2.2 R Markdown anatomy
We can dig one level deeper by considering the different components of an R Markdown. Specifically, let’s look at when and how these are altered during the rendering workflow.
2.2.1 YAML metadata
The YAML metadata (also called the YAML header) is processed in many stages of the rendering process and can influence the final document in many different ways. It is read by each of Pandoc, rmarkdown, and knitr. Along the way, the information that it contains can affect the code, content, and the rendering process.
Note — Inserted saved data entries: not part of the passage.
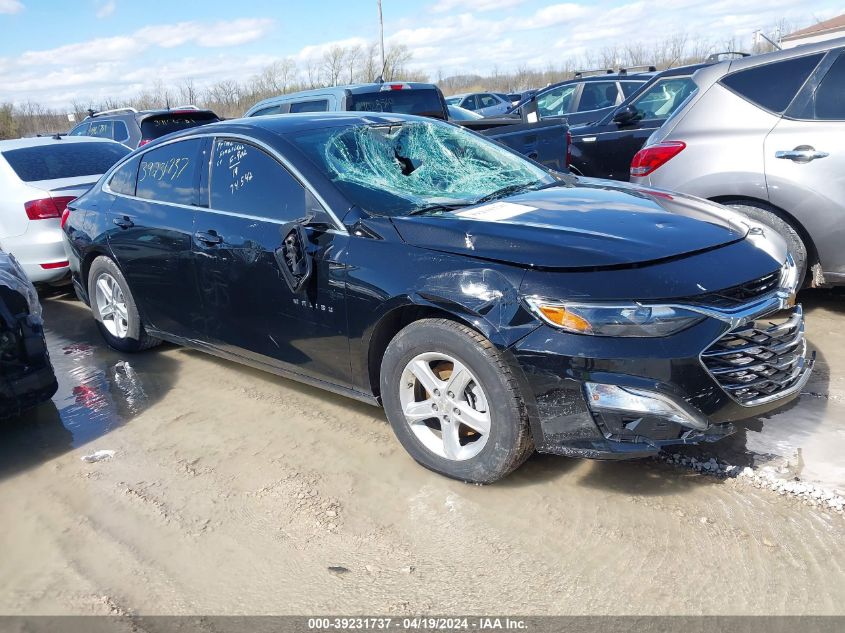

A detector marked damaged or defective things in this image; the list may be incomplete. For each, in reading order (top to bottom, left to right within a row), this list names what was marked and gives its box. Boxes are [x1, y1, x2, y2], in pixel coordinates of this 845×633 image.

damaged car door [193, 135, 352, 386]
shattered windshield [290, 119, 552, 216]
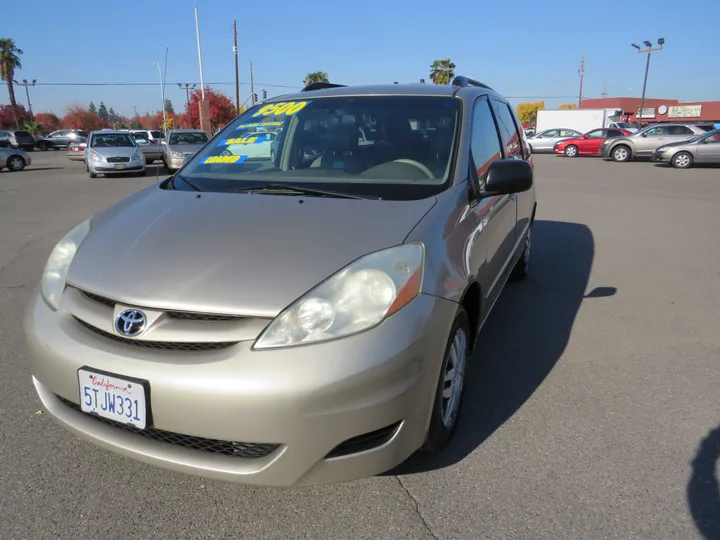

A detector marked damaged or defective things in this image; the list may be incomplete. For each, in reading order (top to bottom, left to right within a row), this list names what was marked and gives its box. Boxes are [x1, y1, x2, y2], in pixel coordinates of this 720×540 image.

pavement crack [394, 476, 438, 540]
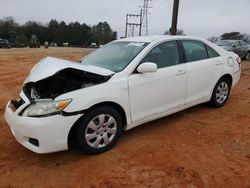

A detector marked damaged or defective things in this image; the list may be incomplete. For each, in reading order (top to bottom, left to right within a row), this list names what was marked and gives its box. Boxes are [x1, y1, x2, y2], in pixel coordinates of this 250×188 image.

broken headlight [22, 99, 72, 117]
damaged front end [23, 67, 112, 100]
crumpled hood [23, 56, 114, 83]
damaged white car [3, 35, 241, 154]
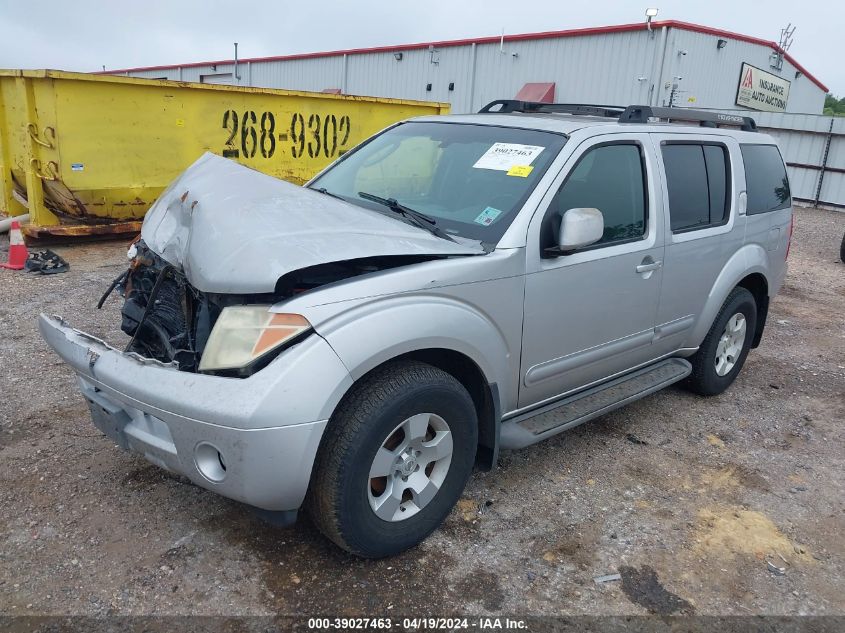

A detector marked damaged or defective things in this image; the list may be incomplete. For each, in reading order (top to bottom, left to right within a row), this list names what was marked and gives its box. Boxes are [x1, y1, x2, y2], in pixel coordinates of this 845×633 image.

crumpled hood [141, 152, 478, 292]
broken headlight [198, 306, 310, 376]
damaged front bumper [38, 314, 356, 516]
A typical YAML header looks like this, and contains basic metadata about the document and rendering instructions:
---
title: My R Markdown Report
author: Yihui Xie
output: html_document
---
In this case, the title
and author
fields are processed by Pandoc to set the values of template variables. With the default template, the title and author information will appear at the beginning of the resulting document. More details on how Pandoc uses information from the YAML header are included in the Pandoc manual’s section on the YAML metadata block.
In contrast, the output
field is used by rmarkdown to apply the output format function rmarkdown::html_document()
in the rendering process. We can further influence the rendering process by passing arguments to the output format that we are specifying in output
. For example, writing:
output:
html_document:
toc: true
toc_float: true
is the equivalent of telling rmarkdown::render()
to apply the output format rmarkdown::html_document(toc = TRUE, toc_float = TRUE)
. To find out what these options do, and to learn about other possible options, you may run ?rmarkdown::html_document
in your R console and read the help page. Note that output: html_document
is equivalent to output: rmarkdown::html_document
. When an output format does not have a qualifier like rmarkdown::
, it is assumed that it is from the rmarkdown package, otherwise it must be prefixed with the R package name, e.g., bookdown::html_document2
.
The YAML header can also influence our content and code if we choose to use parameters in YAML, as described in Section 17.4. In short, we can include variables and R expressions in this header that can be referenced throughout our R Markdown document. For example, the following header defines start_date
and end_date
parameters, which will be reflected in a list called params
later in the R Markdown document. Thus, if we want to use these values in our R code, we can access them via params$start_date
and params$end_date
.
---
title: My RMarkdown
author: Yihui Xie
output: html_document
params:
start_date: '2020-01-01'
end_date: '2020-06-01'
---
2.2.2 Narrative
The narrative textual elements of R Markdown may be simpler to understand than the YAML metadata and code chunks. Typically, this will feel quite a bit like writing in a text editor. However, this Markdown content can be more powerful and interesting than simple text—both in how its content is made, and how the document structure is made from it.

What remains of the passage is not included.